**Required work**
From the material below, pull each line containing the string "Close".

....

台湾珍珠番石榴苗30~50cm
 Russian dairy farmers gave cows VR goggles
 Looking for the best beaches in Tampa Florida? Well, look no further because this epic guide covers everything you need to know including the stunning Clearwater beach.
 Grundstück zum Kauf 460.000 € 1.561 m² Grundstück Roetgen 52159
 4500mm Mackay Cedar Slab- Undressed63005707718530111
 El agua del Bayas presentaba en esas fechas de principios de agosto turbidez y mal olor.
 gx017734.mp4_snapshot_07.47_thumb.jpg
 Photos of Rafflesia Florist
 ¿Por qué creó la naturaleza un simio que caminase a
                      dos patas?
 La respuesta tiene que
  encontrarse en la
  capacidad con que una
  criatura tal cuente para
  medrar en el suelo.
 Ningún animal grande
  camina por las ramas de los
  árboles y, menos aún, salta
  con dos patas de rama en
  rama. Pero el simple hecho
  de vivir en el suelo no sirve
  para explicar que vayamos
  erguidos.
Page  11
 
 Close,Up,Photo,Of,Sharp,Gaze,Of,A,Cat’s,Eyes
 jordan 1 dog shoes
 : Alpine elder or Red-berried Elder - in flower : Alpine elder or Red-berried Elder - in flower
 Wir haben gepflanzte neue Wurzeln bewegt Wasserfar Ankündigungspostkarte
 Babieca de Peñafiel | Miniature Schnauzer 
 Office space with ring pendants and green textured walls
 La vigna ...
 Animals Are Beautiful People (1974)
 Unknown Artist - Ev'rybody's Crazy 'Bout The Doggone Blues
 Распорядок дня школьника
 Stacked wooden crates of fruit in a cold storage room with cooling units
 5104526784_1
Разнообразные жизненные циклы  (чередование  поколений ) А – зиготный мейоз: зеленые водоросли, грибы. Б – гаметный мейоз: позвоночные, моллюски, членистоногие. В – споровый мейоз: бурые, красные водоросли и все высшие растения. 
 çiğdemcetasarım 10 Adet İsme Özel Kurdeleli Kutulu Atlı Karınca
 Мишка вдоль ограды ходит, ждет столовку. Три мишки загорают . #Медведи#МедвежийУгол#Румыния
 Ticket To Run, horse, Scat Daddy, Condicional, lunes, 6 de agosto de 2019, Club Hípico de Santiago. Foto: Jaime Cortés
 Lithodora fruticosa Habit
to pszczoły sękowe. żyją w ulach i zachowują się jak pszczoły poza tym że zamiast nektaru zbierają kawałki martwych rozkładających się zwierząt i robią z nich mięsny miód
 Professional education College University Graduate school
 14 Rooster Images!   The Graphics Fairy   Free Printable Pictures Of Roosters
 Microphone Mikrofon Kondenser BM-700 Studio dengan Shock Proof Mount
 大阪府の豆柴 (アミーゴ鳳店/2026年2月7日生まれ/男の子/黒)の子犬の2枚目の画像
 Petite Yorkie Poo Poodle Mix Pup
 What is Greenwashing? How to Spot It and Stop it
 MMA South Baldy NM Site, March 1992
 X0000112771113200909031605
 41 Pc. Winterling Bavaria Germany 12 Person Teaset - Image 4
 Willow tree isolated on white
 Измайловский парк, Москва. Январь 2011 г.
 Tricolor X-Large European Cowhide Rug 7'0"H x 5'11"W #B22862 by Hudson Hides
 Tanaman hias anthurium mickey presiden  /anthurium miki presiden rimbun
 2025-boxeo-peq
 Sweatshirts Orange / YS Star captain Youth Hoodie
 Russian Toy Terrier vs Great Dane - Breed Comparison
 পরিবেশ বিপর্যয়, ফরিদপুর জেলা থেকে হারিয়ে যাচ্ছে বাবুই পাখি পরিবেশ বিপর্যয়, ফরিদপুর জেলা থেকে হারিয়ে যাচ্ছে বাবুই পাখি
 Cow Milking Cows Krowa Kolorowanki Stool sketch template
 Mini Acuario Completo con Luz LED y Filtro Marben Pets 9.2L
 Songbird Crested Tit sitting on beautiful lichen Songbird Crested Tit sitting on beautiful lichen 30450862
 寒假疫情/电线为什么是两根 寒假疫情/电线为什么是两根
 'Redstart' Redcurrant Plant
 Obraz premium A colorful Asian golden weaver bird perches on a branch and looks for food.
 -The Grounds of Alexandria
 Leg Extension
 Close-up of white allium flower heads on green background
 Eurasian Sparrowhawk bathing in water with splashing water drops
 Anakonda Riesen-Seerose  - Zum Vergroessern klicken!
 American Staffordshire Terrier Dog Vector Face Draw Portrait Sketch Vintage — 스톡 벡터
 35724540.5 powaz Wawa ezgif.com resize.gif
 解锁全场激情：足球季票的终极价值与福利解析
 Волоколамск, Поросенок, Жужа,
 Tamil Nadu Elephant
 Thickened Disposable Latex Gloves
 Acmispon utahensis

....

**Result of this task**
 Close,Up,Photo,Of,Sharp,Gaze,Of,A,Cat’s,Eyes
 Close-up of white allium flower heads on green background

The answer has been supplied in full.